[torqueusers] torque not listening to ppn request specs

DuChene, StevenX A stevenx.a.duchene at intel.com
Thu Oct 27 10:53:33 MDT 2011


Thanks to all how are reading and responding to my pleas for assistance or guidance.

We are a benchmarking center and I have a user who wants to start up his benchmark process across all 256 nodes, one process per node.
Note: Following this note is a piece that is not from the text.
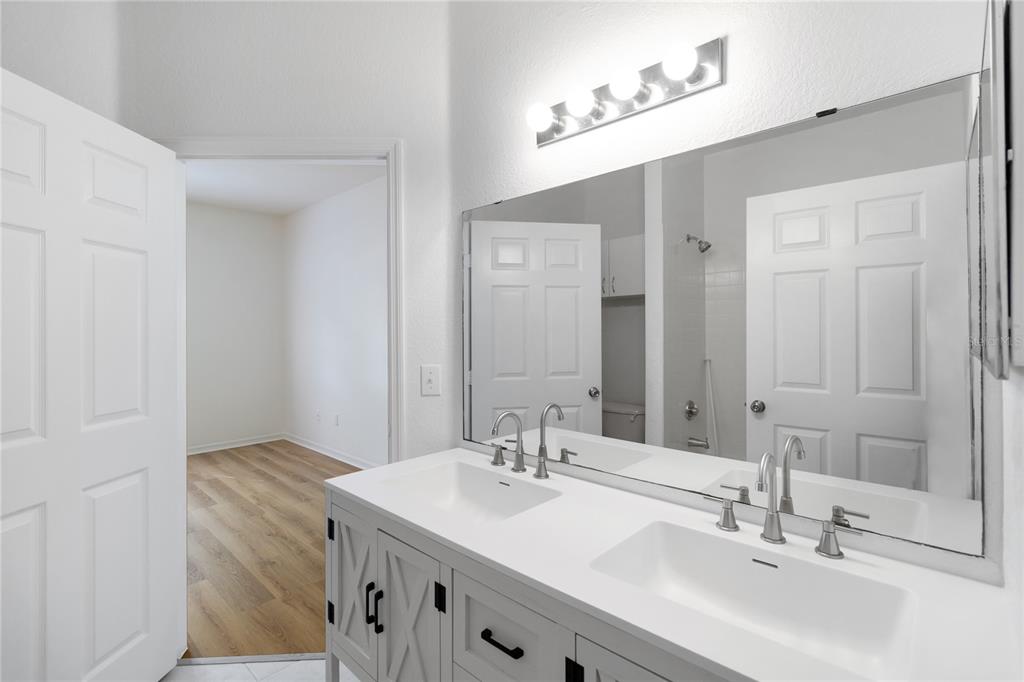 3599 Conroy Road, Unit 915 Orlando, FL 32839 - Photo 18 of 29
Yes, right now I am using openmpi but later today I need to try all of this with the Intel MPI implementation.

I tried doing the following:

$(PBS_NODEFILE) > /home/myuser/mpi_test/cruddy256
mpirun --machinefile $PBS_NODEFILE /home/myuser/mpi_test/mpi_hello_hostname

so I could try examining the nodefile I am getting from torque but all I get is a zero length file.

I looked in my torque accounting logs and I see things in the execution host list of:

exec_host=eatom255/3+eatom255/2+eatom255/1+eatom255/0+eatom254/3+eatom254/2+eatom254/1+eatom254/0+eatom253/3+eatom253/2+eatom253/1+eatom253/0

I copied this exec_host= stuff to a separate file and did some text munging and I only see 64 unique hosts being allocated by torque.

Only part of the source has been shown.